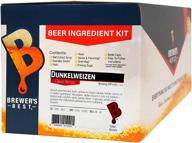 dunkelweizen beer brewing kit by brewers best logo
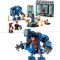 Конструктор LEGO Super Heroes Лабораторія Залізної Людини: зал обладунків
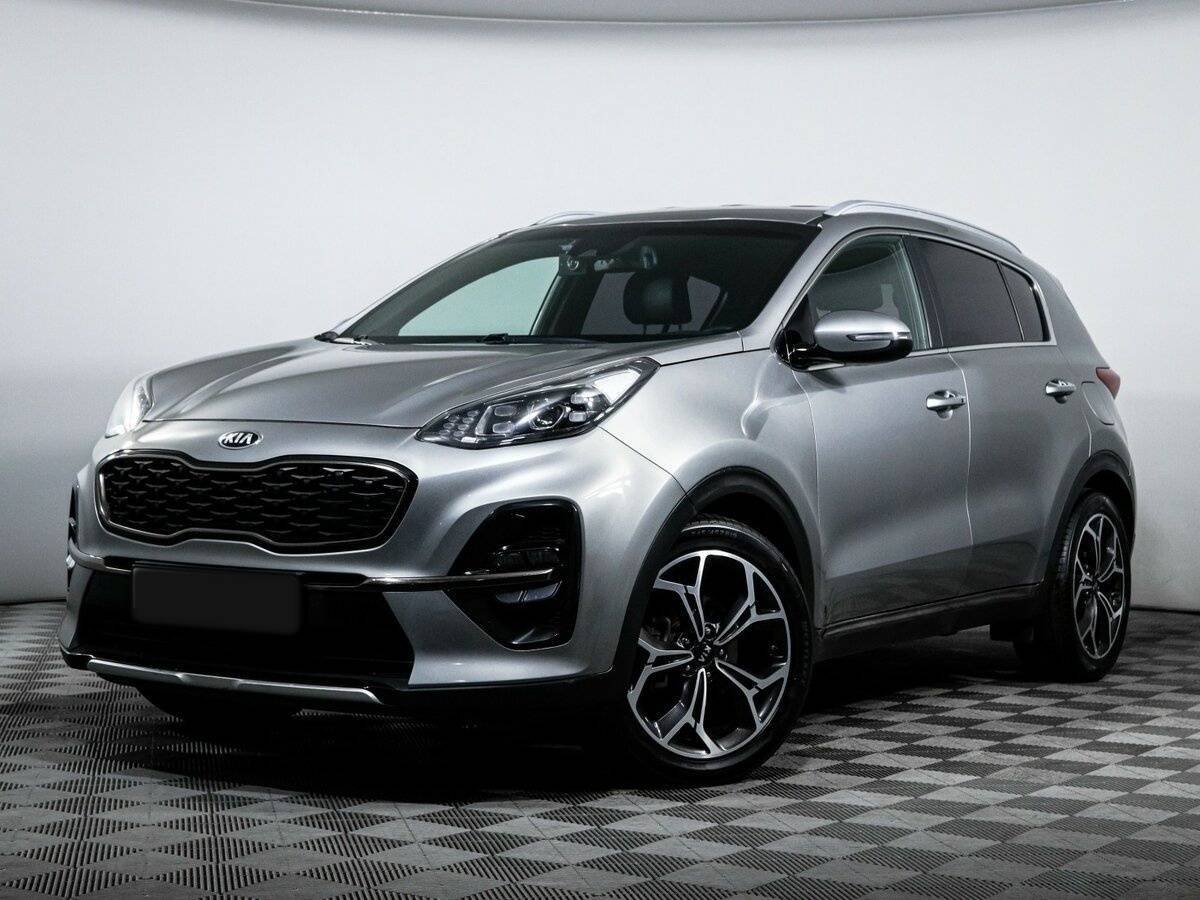 Kia Sportage б/у, 2018, Автоматическая. Посмотреть фото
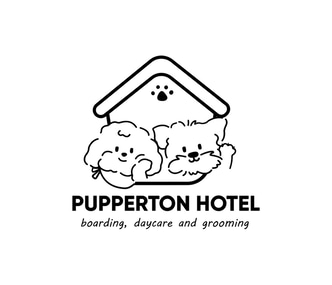 Pupperton Hotel logo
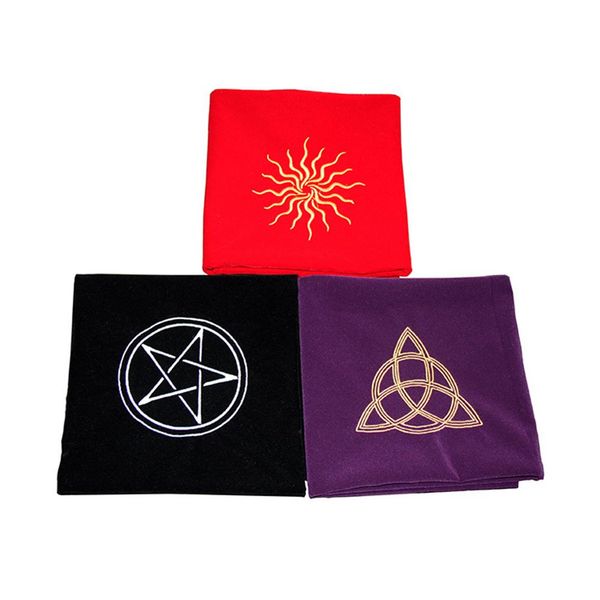 80x80cm tarot card tablecloth smooth velve tarot cards divination cloth board game playing thick table cloth embroidery style bbybrv
80x80cm tarot card tablecloth smooth velve tarot cards divination cloth board game playing thick table cloth embroidery style bbybrv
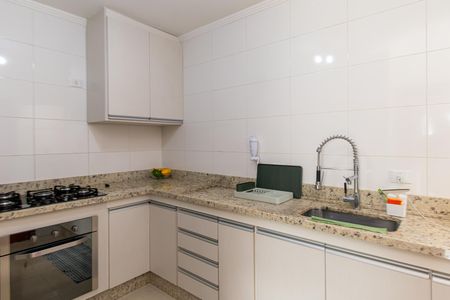 Casa à venda com 124m², 3 quartos e 2 vagasCozinha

○ ○ ○ ○

▶ **TRY IT**
From the line holding "Pupperton Hotel logo" to the final line of the data above, give each line again exactly, both ends included, and drop the pictures.

▶ **REPLY TO THE TASK**
 Pupperton Hotel logo
 80x80cm tarot card tablecloth smooth velve tarot cards divination cloth board game playing thick table cloth embroidery style bbybrv
80x80cm tarot card tablecloth smooth velve tarot cards divination cloth board game playing thick table cloth embroidery style bbybrv
 Casa à venda com 124m², 3 quartos e 2 vagasCozinha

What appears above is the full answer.